# Feeding in Crate?



## missmarstar (Jul 22, 2007)

Definitely will give her a great positive association with her crate!


----------



## AcesWild (Nov 29, 2008)

Moxie became possessive of her crate and this was not good. So she was not fed in her crate until we got Jack Jack and then he started stealing her food, so she was fed separately.


----------



## FlyingQuizini (Oct 24, 2006)

Yes, feeding in the crate is a good idea -- it's a great way to create a pos. association with the crate. You can also practice little sessions where you toss in a treat, she goes in and eats it and comes right back out. Sometimes she goes in, eats the treat, you close the door, count to five and let her out. Make it random and fun.


----------



## AcesWild (Nov 29, 2008)

I must add about Moxie that she was also a shelterdog for 2 years and then in forster care for 5 so that PROBABLY had something to do with her feeding in crate issues. I want it to deter you.


----------



## RummysMum (Jan 9, 2009)

I'm in the other camp - we do not feed or give water in the crate. We give his food at appropriate times in his water/food spot. We do however give him treats and peanut flavor filled kongs in his crate. His crate is his bed, not a place to eat or drink. I've also heard of possession issues with crate feeding, hence us option treats and kongs only.


----------



## AcesWild (Nov 29, 2008)

Add a don't somewhere in that last sentance so it makes sense....i r in callage srsly.


----------



## tippykayak (Oct 27, 2008)

Definitely feed in the crate. Eating makes dogs relaxed and builds positive associations. I've heard that claim that it might increase food possessiveness, but I haven't seen evidence for that, nor do I really see the connection.


----------



## NuttinButGoldens (Jan 10, 2009)

When Gilmour comes home next week (woohoo!) I plan on feeding him in his X-Pen. The primary reason is Dakota is a food thief, and if he could steal Comet's dinner (Comet was a 90 pounder), he can easily steal a puppies dinner.


----------



## AmbikaGR (Dec 31, 2007)

I am also a HUGE fan and believer of feeding in the crate.


----------



## Pointgold (Jun 6, 2007)

I want all puppies to be comfortable eating in a crate, as they are fed intheir crates when traveling to shows. I don't do it all the time, but periodically. 
Since I have a large 500 Vari-Kennel with the door off in my whelping box, all our puppies are very used to a crate and go in on their own to sleep and play.
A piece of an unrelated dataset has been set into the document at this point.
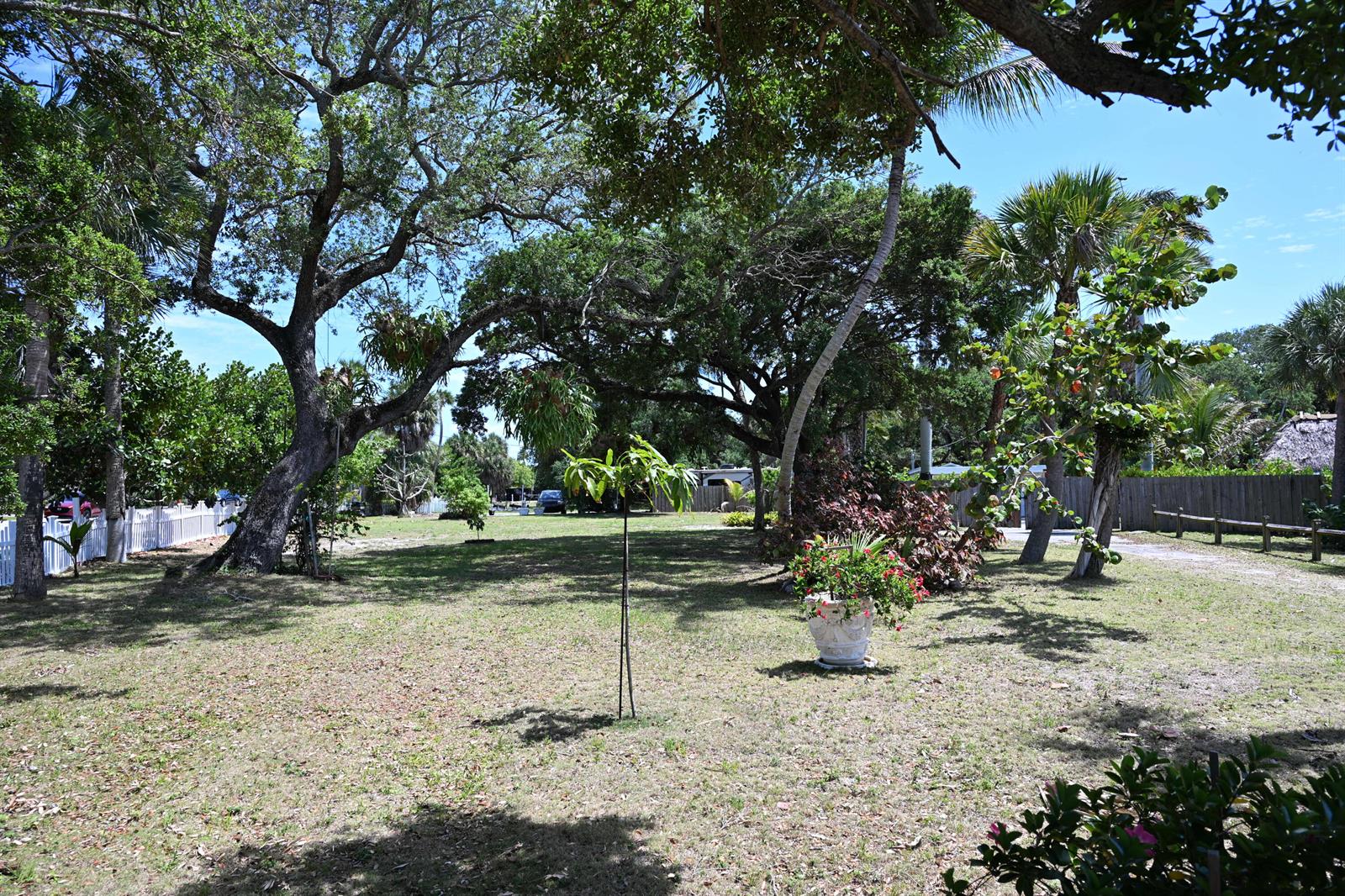 A grassy backyard features large oak trees, a potted plant, and a white picket fence — 18019 N Highway A1a, Jupiter FL 33477, JUPITER, FL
Any dogs that I have purchased are usually raised the same way, but the few who weren't learn very quickly that the crate is GOOD.


----------



## divinedecadencex (Jan 15, 2009)

hmm....well i dont know if i should or shouldnt....but, i havnt gotten a kong thing yet, whats the peanut butter filling you guys get? is that just in the section with the kongs? Or is it just normal peanut butter, cause im a little affraid of normal peanut butter at the moment, with the whole poisioning scare thing that happend haha....
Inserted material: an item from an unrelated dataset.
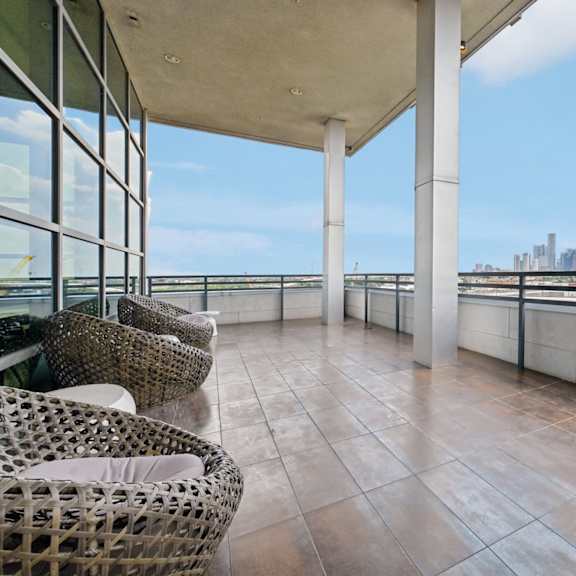rooftop deck with a view of a city skyline.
Well, maybe i should just invest in some earplugs haha, so I can concentrate on homework and leave her in there to calm down, and get use to it, haha....im gonna need to pick up somemore toys when I get paid tomorrow. Songs like the kong is an all around winner...


----------



## RummysMum (Jan 9, 2009)

Ya, it's the Kong filler right next to the Kongs. I use the kind for seniors because it's lower calorie. 

Just remember, don't console the puppy in any way. The trick is to go about your business like the dog isn't even there, let alone whining. Otherwise, it will interpret comforting by you as another dog whining right back, reinforcing the uncool vibes.

Good luck :smooch:


----------



## divinedecadencex (Jan 15, 2009)

Well, if shes screaming, and i need to take her out to potty.....will she think she got out because she was screaming? Or is that ok? Sorry i have SO many questions! haha, this is my 4th golden pup, but I never crated before.


----------



## Bock (Jun 23, 2008)

Also a big fan of feeding in a crate!


----------



## tippykayak (Oct 27, 2008)

divinedecadencex said:


> Well, if shes screaming, and i need to take her out to potty.....will she think she got out because she was screaming? Or is that ok? Sorry i have SO many questions! haha, this is my 4th golden pup, but I never crated before.


Yeah, she will. You need to make sure, in the short term, that she's only crated when her tanks are totally empty so you won't be caught in that position. If you know she'll need to be crated for longer than she can hold it (at night, in the early stages), try to take her out for a pee _before_ she cries (you'll be able to figure out what time it needs to be) so you're not stuck having to let her out while she's making noise.

Except for emergencies, you don't _ever_ want to let her out while she's whining or yelping.


----------



## AmbikaGR (Dec 31, 2007)

divinedecadencex said:


> Well, if shes screaming, and i need to take her out to potty.....will she think she got out because she was screaming? Or is that ok? Sorry i have SO many questions! haha, this is my 4th golden pup, but I never crated before.


 
If you think there is the possibility that she does have to go out to potty, take her out to do it. If she does it of course praise her and when you bring her inside again allow her 10 minutes of freedom for being good. If when you take her out she does not go in 5 minutes time bring her back in and immediately crate her. This way she has not actually got her way. It is a very fine line and at times can be frustating, just stick to your guns and it will work out in the long run.


----------



## Florabora22 (Nov 30, 2008)

Hang in there with the crate training! You'll get there.  It can be really frustrating, but your dog will eventually accept it for what it is.


----------